Гейнрих хочет создать новую гармонию между людьми и природой. Но и люди и природа отвергли его. Пока людская пошлость рядилась лишь в мантию фанатизма и нетерпимости, Гейнрих геройски боролся, но они явились под другою одеждой — в виде поруганной любви и отчаяния преданной Магды, страдания детей и угрызений слишком слабой, негероической совести, и Гейнрих пал.
Природа в лице своих стихийных духов также противилась мастеру. Ведь стихии сопротивляются человеку в его борьбе за высокую красоту и гармонию. Но, с другой стороны, природа же и поддерживает силы и идеалы человека, поскольку она является ему как элементарная красота, как ясное небо, золотое солнце, гневные грозы, зеленые дали, живительный воздух. Эта-то зовущая, целебная, дружеская сила природы олицетворена в Раутенделейн. Но милая эльфа, полная жизнерадостности, непосредственности, как все в элементарной природе, столкнувшись с запросами и страданиями человеческого духа, сама заразилась навеки печалью: наши поэты и художники давно уже стали видеть грусть в природе, погребальные огни в закате, рыдания в журчании ручьев, печальное раздумье в шелесте листьев.
Чтобы правильно изобразить Раутенделейн (задача труднейшая!), нужно помнить, что к элементарной природе ближе всех игривые, резвые дети, — порывистым ребенком надо изображать Раутенделейн; притом веселость бурная, роскошная — ее стихия, грусть же до конца нечто чуждое ей, что она констатирует в себе с недоумением, как и первую слезу.

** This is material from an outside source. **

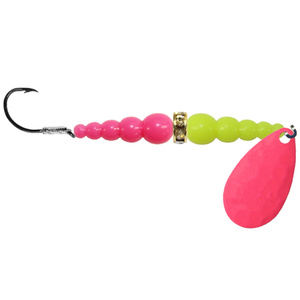 Macks Wedding Ring Classic Series Trolling Harness - Yellow Chartreuse/Hot Pink Beads, 48in, Size 6
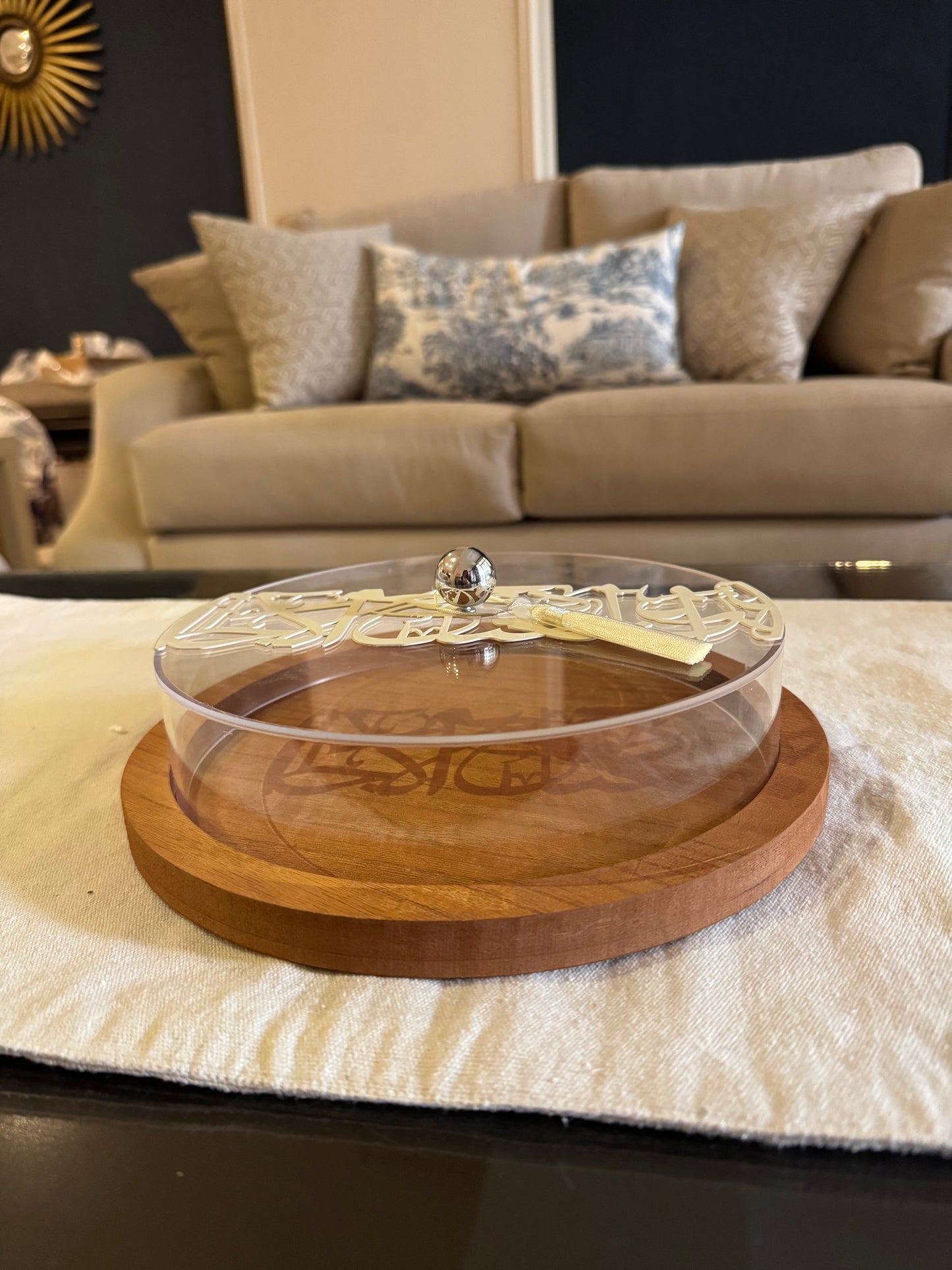 MetalxWood Round Tamreya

Г-жа Иртеньева имела тенденцию, напротив, подчеркивать меланхоличность Раутенделейн. Правда, после зрелища страдания Гейнриха, в первом действии, Раутенделейн задумывается и даже роняет бриллиант слезы, но прежде она старается подбодрить себя, кружась в хороводе веселых эльфов под гром и молнию весенней грозы, с ребяческой хвастливостью, воспевая свою красоту. Благодаря унылости эльфов г. Кошеверова и погребальному тону г-жи Иртеньевой вся эта сцена пропала.